- [Required action]: Transcribe exactly the lines from the one containing "What's up guys, here's" through the end of the data, both included. Leave out pictures.

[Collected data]
________________________________________

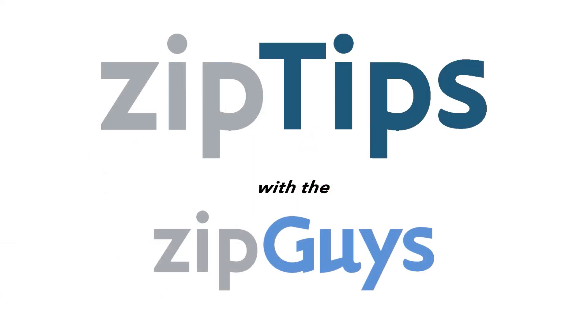Stay tuned for more Zip Tips from the Zip Guys.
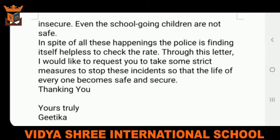'In spite of all these happenings, the police is finding itself helpless to check the rate. Through this letter, I would like to request you to take some strict measures to stop these incidents so that the life of everyone becomes safe and secure. Thank you.' And after that, we will close the letter with 'Yours Truly, Githika.'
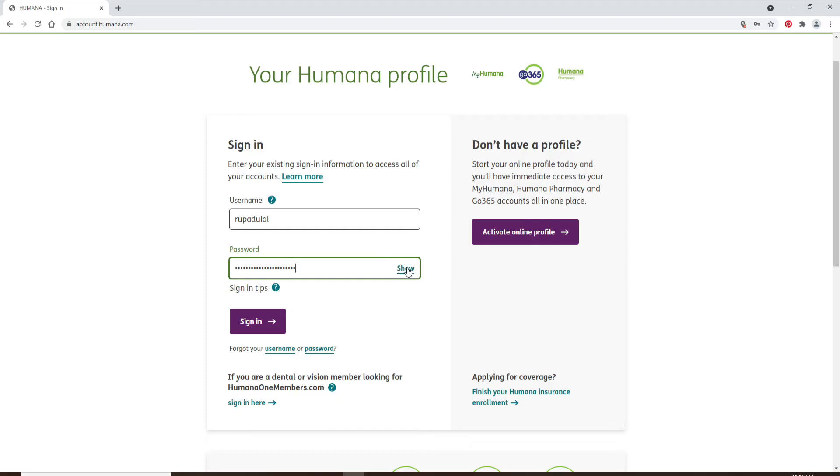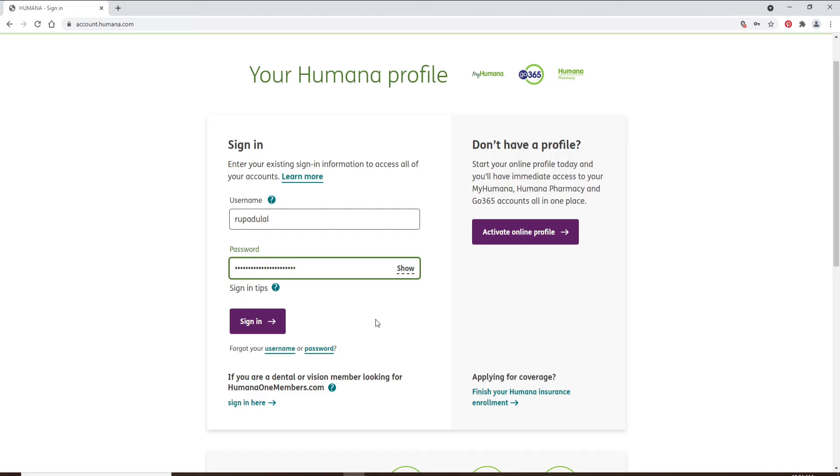In case you've forgotten your username or your password, you can click on the username or password link and follow the instructions to either look for your username or to reset your password to a new one.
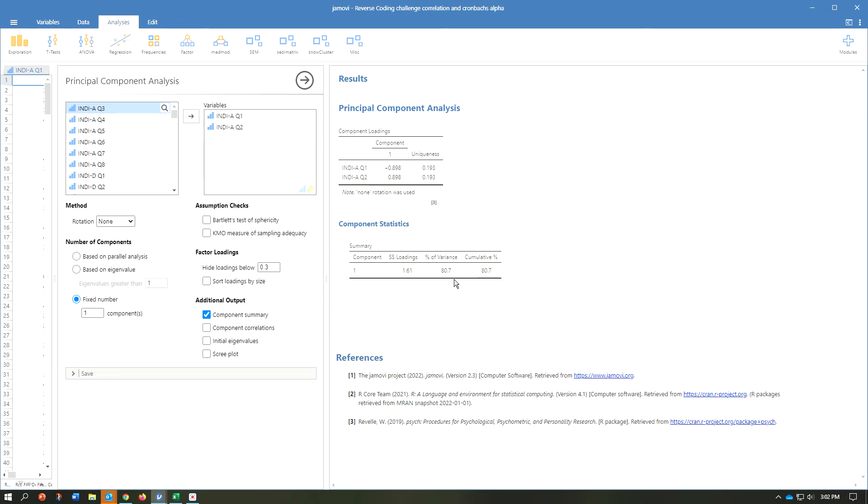It is to be expected that we would have common method bias because I selected two items from the same measure of the same construct. These are both measuring the same thing, in other words. So that's to be expected.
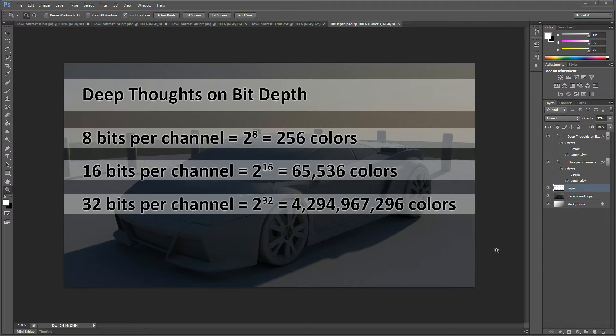And 32 bits per channel has billions of colors and you might see the 32-bit images listed as HDR or high dynamic range images. We'll talk a little bit about those as well, but the focus today I really just want to talk about the 8-bit and compare it to the 16-bit and we'll use Photoshop to do that.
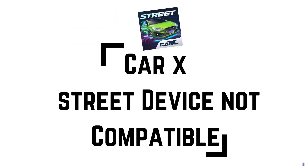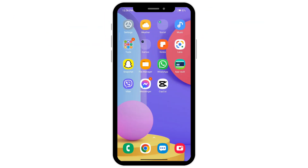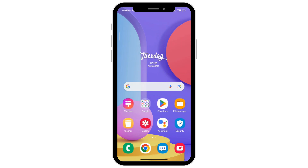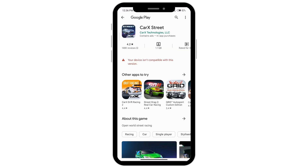CarXstreet says your device isn't compatible with this version, so you won't be able to see CarXstreet on your Play Store. If you go to Chrome and type CarXstreet Play Store, you'll see it pop up, but when you try to install it, it will say that your device isn't compatible with this version.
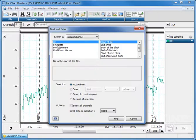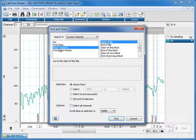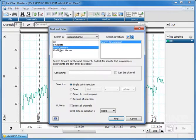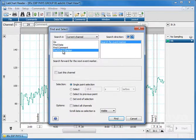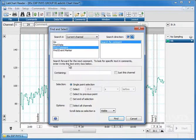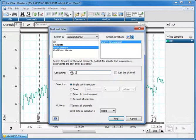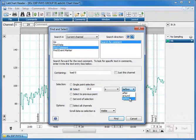You click on find and you want to find a comment. You want to search for a comment. You could find data, you could find comments, or you could find event markers, but we want to find comments and we're looking for the term load zero. We're going to select 15 seconds before.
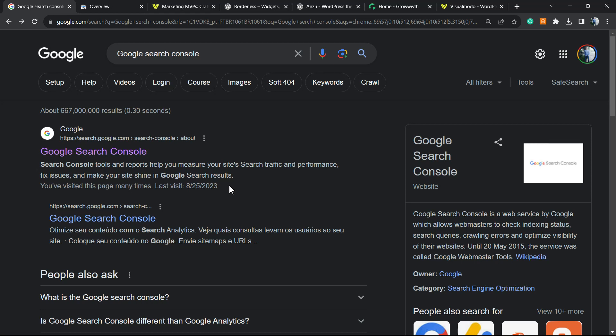What's up guys, here's Claudio from Visual Model WordPress Teams and in today's video you're going to learn how to request Google for indexing a URL of a new post or content that you published on your site. How to do this simple, free and in an effective way is what you're going to learn in this video.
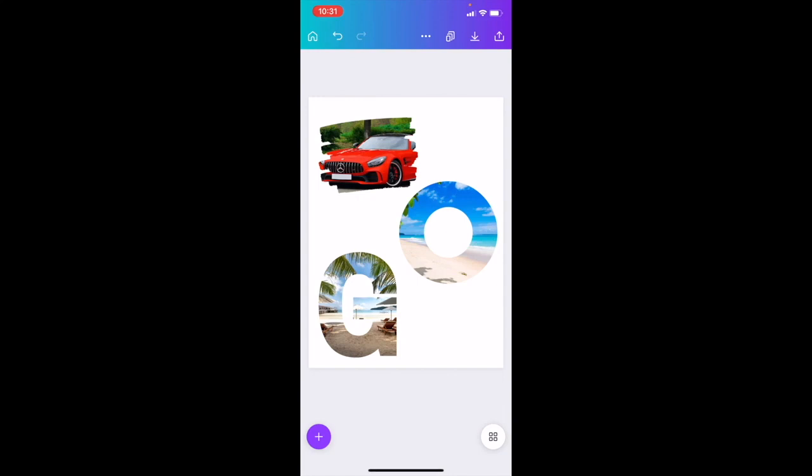Basically you can play around with it, but that is basically how you guys can use frames here in Canva inside the Canva mobile app. I hope this video helps.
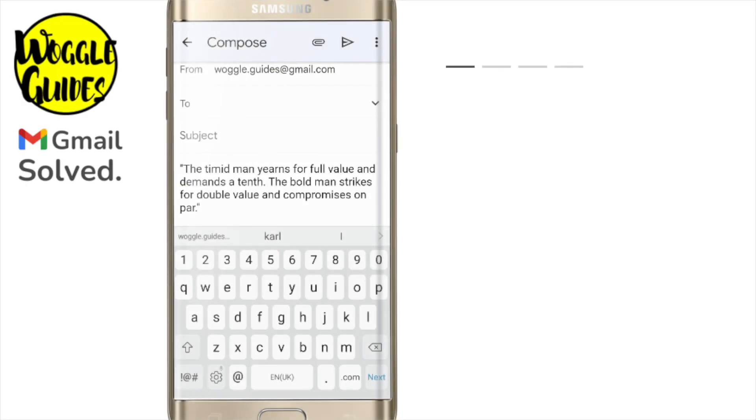I'm in my Gmail app on my Android phone. You'll see I have an email open showing a quote I want to cut and paste into another email.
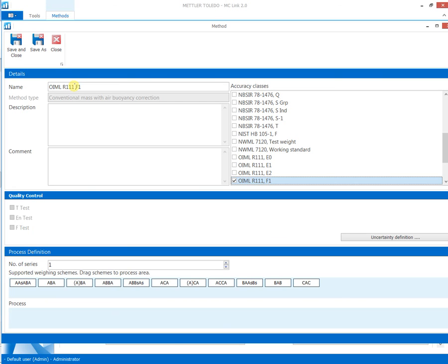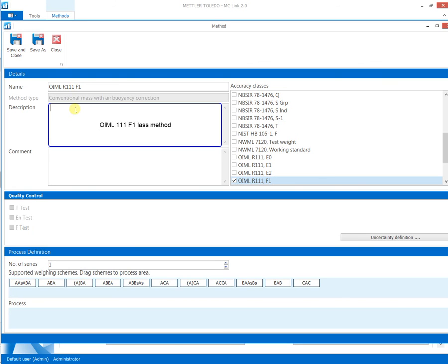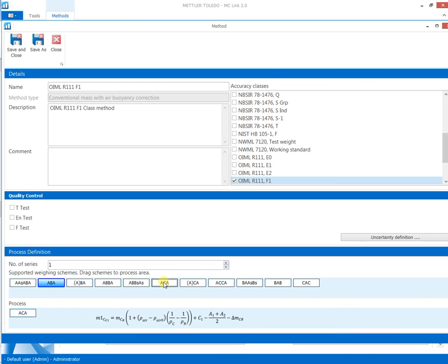The weighing schemes are added or removed to the process by selection. All relevant calibration formulas are defined in the background.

________________________________________

- [Task answer]:
What's up guys, here's Claudio from Visual Model WordPress Teams and in today's video you're going to learn how to request Google for indexing a URL of a new post or content that you published on your site. How to do this simple, free and in an effective way is what you're going to learn in this video.
Basically you can play around with it, but that is basically how you guys can use frames here in Canva inside the Canva mobile app. I hope this video helps.
I'm in my Gmail app on my Android phone. You'll see I have an email open showing a quote I want to cut and paste into another email.
The weighing schemes are added or removed to the process by selection. All relevant calibration formulas are defined in the background.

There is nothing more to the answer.